All that is wanted is the exact text of the lines below from the one with "By default, Cisco" through the one with "And the FlowCam", inclusive, minus any pictures.

## EXTRACTED MATERIAL
== Segment start ==

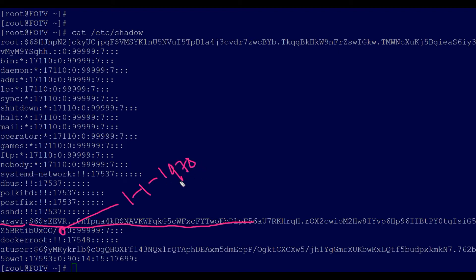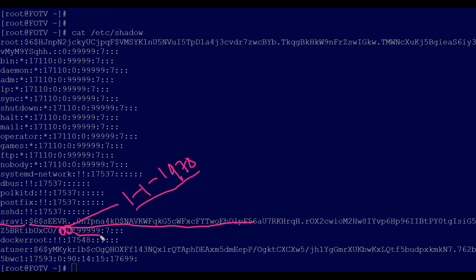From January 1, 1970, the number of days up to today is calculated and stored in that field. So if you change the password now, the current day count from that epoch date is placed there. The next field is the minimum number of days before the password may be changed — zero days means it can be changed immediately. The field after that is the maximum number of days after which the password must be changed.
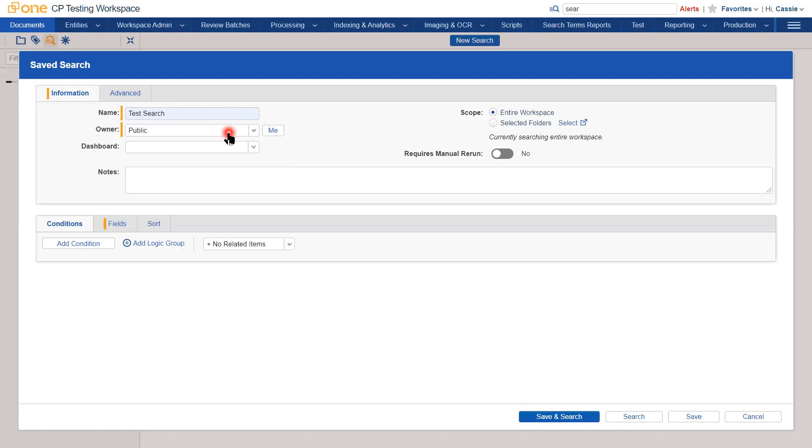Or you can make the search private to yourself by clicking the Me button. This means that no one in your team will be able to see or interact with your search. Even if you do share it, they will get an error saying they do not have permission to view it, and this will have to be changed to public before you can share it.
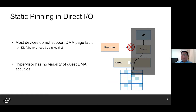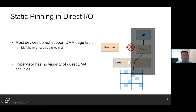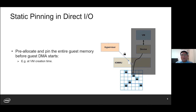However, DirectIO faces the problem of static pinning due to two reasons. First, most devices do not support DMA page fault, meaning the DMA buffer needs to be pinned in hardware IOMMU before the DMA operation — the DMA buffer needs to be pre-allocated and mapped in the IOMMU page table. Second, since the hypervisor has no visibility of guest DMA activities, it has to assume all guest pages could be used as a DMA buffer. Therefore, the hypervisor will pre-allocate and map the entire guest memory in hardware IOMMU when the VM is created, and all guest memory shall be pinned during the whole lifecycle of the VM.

== Segment end ==
== Segment start ==

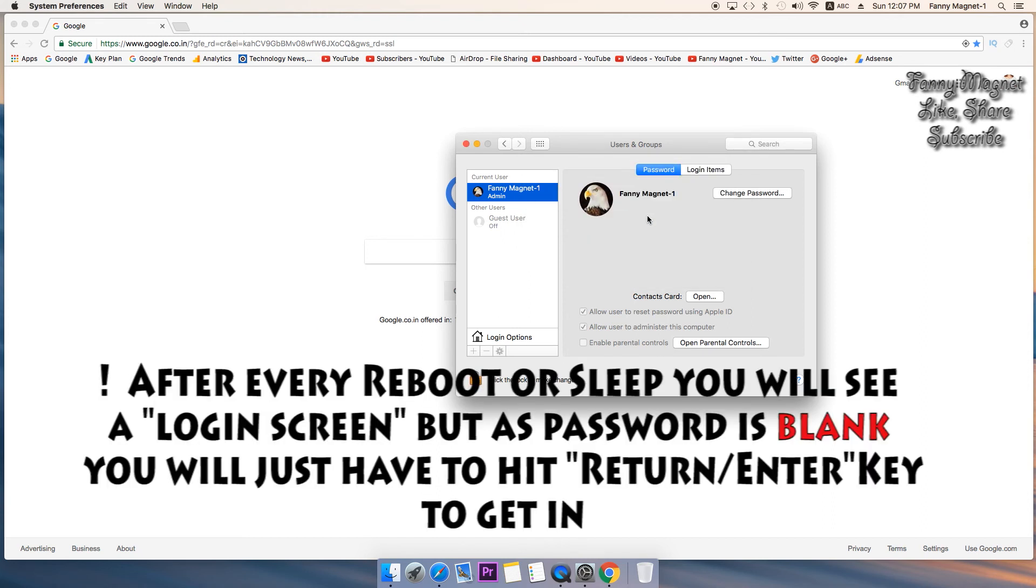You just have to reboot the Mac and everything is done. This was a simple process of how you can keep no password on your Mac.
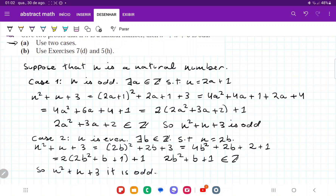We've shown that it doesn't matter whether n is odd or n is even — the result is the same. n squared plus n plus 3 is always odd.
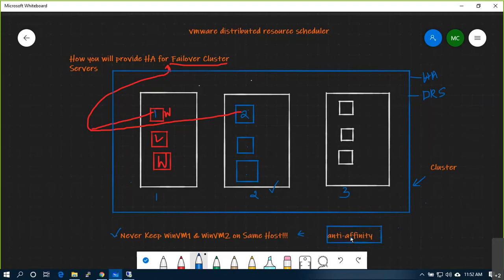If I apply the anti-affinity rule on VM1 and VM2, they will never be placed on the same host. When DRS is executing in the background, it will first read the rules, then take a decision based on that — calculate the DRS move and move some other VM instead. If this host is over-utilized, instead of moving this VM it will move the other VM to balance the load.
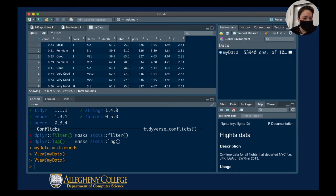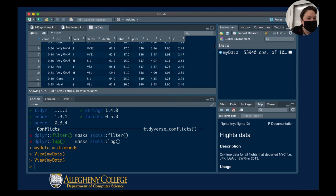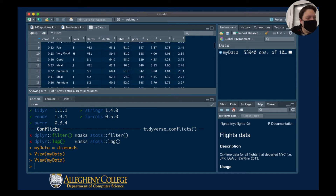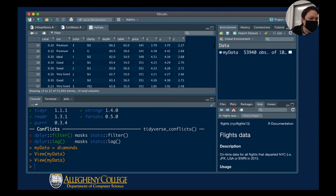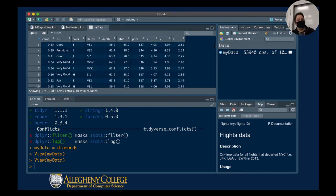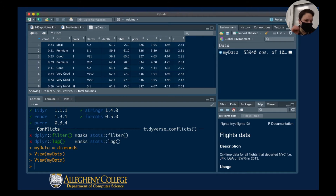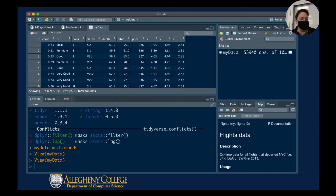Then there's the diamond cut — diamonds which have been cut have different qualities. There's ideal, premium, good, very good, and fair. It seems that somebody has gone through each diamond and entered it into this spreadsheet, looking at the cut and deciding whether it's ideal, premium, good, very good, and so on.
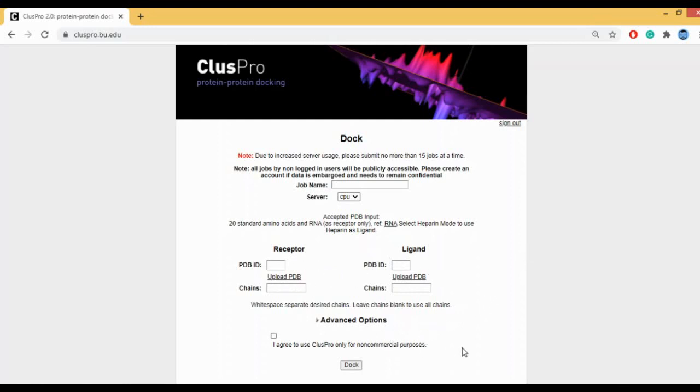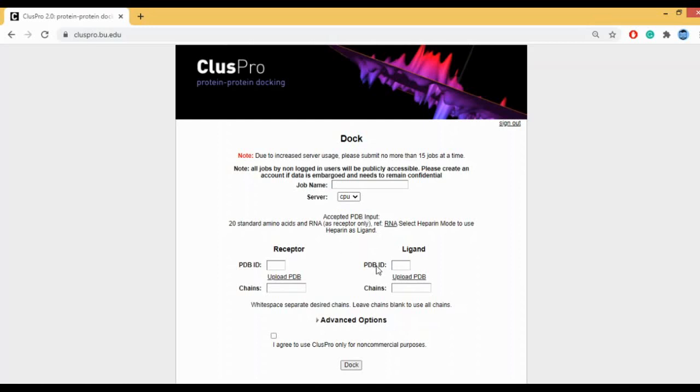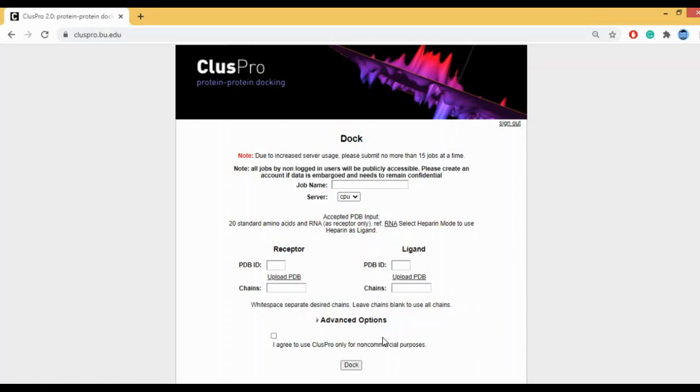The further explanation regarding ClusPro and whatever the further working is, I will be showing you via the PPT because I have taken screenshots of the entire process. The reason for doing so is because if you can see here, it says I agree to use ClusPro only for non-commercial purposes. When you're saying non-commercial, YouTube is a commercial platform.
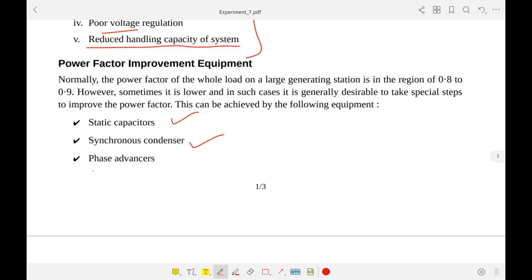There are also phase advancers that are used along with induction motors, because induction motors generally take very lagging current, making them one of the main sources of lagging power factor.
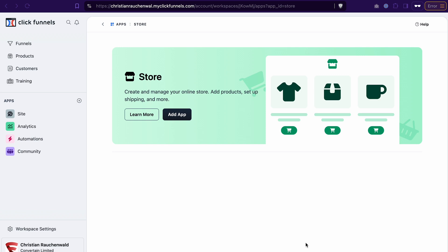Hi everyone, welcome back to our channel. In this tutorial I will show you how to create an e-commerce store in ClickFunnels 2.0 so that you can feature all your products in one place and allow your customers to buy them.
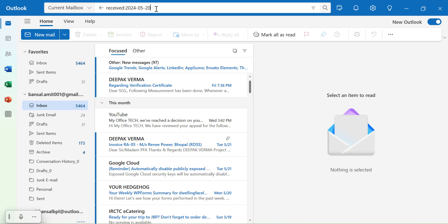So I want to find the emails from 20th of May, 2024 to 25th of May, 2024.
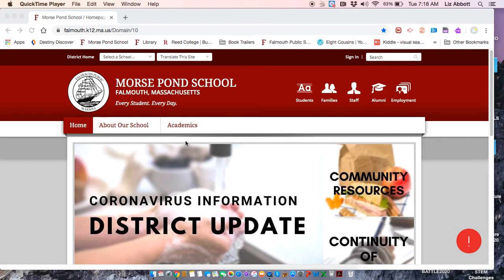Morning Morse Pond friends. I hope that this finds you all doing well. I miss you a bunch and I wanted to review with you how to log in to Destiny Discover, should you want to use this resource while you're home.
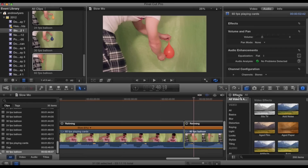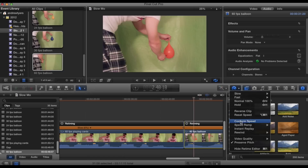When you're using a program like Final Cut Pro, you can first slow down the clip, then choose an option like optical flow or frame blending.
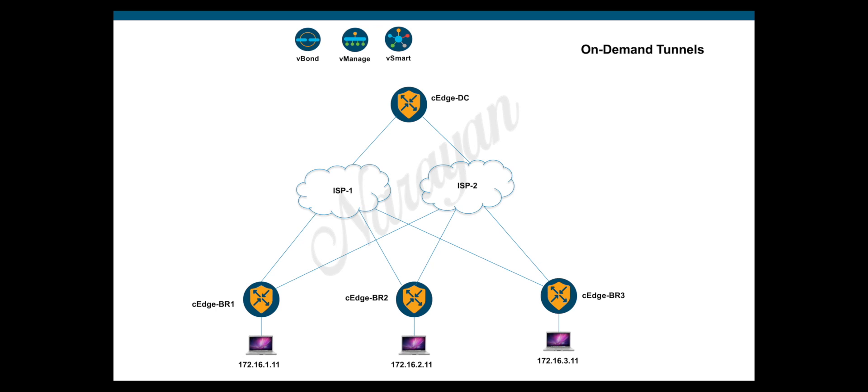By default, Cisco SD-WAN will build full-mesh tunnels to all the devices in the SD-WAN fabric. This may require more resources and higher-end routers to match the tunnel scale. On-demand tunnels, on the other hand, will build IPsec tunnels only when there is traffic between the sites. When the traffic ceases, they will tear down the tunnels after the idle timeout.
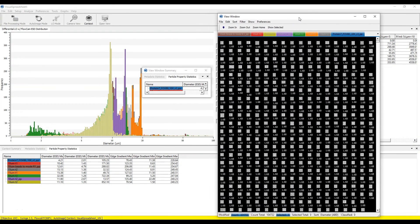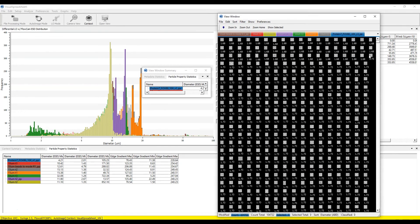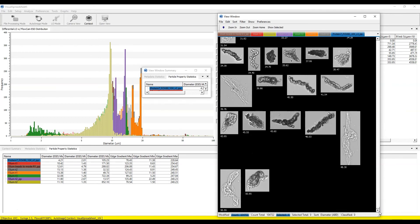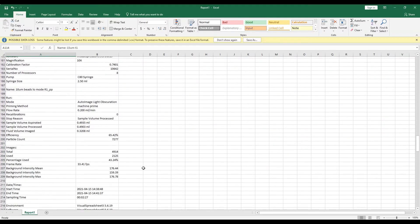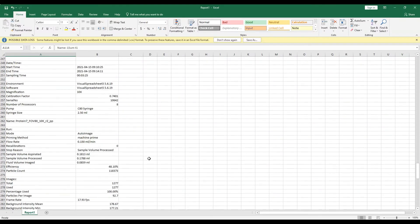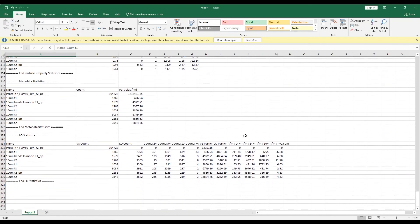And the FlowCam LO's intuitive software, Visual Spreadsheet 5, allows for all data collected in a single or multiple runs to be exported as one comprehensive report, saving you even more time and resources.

== Segment end ==
== Segment start ==

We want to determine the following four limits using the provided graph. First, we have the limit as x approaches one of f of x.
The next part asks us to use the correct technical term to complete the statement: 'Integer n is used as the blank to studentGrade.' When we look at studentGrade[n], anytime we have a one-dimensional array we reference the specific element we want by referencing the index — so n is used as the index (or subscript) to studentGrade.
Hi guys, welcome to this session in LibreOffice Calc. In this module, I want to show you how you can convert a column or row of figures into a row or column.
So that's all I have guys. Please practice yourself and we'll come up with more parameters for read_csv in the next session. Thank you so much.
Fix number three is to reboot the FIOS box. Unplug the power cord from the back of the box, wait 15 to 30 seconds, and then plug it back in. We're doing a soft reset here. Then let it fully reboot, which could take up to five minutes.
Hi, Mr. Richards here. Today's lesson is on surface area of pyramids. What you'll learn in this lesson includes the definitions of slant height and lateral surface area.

== Segment end ==

## ANSWER FOR THIS EXERCISE
By default, Cisco SD-WAN will build full-mesh tunnels to all the devices in the SD-WAN fabric. This may require more resources and higher-end routers to match the tunnel scale. On-demand tunnels, on the other hand, will build IPsec tunnels only when there is traffic between the sites. When the traffic ceases, they will tear down the tunnels after the idle timeout.
And the FlowCam LO's intuitive software, Visual Spreadsheet 5, allows for all data collected in a single or multiple runs to be exported as one comprehensive report, saving you even more time and resources.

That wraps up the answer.